Stored data:
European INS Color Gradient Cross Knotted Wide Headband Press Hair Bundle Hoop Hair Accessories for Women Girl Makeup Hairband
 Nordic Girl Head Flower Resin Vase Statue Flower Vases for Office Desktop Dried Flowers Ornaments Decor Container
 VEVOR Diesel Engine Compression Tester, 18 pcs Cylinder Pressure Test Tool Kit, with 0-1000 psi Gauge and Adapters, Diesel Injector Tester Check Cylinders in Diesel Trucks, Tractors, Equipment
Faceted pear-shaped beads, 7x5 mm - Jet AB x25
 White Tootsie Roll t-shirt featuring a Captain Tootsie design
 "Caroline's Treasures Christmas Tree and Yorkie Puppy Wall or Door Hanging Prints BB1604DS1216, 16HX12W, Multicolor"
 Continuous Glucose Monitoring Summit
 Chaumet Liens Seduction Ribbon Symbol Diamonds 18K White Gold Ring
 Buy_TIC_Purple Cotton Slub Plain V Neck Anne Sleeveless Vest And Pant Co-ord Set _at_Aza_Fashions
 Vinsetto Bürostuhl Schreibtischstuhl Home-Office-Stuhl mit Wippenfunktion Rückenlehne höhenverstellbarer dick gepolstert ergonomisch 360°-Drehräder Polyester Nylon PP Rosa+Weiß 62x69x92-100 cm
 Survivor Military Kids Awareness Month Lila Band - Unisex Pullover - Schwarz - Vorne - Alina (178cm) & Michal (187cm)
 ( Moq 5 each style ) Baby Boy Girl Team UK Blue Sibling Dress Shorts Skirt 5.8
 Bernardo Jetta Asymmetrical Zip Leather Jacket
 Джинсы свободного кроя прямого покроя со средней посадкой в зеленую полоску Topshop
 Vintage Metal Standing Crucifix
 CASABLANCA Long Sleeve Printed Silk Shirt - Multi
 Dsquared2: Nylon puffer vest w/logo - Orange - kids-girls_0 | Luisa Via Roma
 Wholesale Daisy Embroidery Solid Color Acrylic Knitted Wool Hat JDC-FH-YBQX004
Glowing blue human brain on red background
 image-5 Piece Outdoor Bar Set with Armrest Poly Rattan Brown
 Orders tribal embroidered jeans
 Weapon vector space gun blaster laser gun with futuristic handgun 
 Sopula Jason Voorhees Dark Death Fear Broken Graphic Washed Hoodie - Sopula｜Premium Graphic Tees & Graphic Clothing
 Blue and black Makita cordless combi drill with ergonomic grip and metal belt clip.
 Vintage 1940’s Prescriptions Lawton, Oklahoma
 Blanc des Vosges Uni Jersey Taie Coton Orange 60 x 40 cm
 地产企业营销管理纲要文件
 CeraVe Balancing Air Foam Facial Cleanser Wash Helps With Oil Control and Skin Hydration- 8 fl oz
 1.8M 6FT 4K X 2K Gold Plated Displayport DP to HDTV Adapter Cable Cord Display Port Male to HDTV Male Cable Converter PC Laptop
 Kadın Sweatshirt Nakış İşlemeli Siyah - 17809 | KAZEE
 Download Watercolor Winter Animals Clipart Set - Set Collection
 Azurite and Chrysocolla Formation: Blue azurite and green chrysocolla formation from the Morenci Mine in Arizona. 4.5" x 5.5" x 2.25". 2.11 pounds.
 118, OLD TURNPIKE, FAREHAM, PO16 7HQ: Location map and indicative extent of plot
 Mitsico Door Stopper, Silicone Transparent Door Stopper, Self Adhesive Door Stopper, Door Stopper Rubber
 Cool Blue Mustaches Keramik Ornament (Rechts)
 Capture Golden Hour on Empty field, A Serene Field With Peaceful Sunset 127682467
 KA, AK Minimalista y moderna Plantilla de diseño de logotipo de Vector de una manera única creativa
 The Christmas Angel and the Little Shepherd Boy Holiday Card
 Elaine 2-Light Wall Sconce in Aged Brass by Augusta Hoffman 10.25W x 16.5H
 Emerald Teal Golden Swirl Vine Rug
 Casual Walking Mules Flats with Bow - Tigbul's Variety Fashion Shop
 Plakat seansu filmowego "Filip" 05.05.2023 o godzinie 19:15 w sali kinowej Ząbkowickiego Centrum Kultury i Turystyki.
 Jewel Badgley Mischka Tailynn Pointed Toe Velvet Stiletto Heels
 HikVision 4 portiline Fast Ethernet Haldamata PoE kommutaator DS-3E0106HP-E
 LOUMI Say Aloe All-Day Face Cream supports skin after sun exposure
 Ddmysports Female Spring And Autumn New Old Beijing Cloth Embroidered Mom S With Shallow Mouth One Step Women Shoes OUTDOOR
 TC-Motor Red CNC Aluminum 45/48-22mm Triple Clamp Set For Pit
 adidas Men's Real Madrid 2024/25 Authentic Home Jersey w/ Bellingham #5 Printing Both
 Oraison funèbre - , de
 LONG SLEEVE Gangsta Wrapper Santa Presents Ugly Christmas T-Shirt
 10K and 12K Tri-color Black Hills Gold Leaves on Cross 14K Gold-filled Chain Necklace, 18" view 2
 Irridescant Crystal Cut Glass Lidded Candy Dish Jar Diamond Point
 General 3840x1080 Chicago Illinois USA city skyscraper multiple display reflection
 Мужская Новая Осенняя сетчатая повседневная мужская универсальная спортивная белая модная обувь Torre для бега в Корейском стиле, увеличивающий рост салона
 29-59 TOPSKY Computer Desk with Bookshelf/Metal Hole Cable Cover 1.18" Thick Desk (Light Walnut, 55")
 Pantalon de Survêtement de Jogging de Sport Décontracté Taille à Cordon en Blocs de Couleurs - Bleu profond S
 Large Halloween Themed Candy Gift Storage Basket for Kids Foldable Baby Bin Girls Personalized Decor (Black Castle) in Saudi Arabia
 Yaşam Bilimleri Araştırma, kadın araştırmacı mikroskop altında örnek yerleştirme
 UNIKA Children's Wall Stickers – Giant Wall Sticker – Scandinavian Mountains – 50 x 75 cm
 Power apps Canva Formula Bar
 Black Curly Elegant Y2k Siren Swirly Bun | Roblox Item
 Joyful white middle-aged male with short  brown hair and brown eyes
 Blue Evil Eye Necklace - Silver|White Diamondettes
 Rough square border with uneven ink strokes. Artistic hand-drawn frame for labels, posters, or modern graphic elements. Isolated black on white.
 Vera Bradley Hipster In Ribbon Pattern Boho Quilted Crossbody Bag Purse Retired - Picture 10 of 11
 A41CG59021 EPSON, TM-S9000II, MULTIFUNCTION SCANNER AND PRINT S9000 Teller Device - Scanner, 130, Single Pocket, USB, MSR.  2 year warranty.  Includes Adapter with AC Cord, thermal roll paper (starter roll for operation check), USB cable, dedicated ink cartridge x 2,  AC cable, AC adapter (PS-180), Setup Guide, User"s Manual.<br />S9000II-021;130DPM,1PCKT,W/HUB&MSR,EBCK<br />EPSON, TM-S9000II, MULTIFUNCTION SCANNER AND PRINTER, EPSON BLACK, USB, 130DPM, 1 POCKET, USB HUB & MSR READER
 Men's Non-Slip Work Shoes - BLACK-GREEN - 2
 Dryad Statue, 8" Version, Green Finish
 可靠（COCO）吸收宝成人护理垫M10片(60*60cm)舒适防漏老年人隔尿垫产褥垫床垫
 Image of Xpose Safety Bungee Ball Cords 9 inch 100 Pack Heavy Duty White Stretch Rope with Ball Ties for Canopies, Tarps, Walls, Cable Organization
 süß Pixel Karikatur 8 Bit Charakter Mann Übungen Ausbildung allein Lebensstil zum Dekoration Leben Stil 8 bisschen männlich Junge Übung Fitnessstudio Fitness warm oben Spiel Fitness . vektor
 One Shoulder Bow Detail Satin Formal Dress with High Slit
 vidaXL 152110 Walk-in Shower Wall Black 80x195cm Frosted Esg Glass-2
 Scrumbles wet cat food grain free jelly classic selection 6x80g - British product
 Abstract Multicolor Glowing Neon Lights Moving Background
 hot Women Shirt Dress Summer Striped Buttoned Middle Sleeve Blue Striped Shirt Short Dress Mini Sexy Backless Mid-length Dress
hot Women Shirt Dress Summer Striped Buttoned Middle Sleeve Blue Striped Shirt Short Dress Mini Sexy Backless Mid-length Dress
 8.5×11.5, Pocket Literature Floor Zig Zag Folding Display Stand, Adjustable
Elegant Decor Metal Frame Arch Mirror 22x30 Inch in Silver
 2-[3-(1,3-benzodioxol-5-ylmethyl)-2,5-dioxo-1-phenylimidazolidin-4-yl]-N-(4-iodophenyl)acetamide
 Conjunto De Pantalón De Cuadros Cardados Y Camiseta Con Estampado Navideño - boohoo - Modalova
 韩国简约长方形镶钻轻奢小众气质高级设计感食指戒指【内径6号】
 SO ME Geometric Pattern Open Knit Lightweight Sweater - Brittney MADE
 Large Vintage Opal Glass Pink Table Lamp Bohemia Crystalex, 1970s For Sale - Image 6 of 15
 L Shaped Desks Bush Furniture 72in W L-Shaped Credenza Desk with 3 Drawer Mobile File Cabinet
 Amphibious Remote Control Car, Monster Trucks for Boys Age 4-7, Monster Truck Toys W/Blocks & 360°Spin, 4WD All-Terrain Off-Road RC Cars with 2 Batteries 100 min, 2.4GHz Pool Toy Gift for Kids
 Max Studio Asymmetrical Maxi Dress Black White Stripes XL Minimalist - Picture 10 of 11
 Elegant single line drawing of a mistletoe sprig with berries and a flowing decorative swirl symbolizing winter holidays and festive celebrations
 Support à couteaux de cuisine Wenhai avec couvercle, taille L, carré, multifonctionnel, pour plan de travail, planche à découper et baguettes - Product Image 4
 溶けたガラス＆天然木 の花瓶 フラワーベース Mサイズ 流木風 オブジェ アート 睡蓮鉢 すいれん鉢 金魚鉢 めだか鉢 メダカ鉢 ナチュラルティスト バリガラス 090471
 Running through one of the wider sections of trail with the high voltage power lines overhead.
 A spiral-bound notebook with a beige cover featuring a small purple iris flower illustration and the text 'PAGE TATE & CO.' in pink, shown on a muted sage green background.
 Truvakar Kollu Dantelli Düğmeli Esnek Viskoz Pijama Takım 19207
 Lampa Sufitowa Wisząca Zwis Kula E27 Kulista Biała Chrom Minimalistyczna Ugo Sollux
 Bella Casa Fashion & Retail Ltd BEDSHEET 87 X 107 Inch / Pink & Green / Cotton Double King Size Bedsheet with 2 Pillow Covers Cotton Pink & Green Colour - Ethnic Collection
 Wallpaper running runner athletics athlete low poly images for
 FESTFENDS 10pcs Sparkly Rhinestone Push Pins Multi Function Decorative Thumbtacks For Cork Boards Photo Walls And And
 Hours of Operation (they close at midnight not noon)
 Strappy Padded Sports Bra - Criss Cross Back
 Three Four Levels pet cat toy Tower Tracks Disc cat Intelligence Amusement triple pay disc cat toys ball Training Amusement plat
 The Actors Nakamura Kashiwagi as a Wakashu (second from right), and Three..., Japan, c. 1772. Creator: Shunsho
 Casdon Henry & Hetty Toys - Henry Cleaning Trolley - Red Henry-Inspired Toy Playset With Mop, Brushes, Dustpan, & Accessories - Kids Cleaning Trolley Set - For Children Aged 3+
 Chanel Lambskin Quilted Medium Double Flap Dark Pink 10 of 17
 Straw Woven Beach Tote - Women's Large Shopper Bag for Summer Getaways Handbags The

Task to carry out:
Report each line in the data that holds the word "Dark".

Answer for the task:
 Sopula Jason Voorhees Dark Death Fear Broken Graphic Washed Hoodie - Sopula｜Premium Graphic Tees & Graphic Clothing
 Chanel Lambskin Quilted Medium Double Flap Dark Pink 10 of 17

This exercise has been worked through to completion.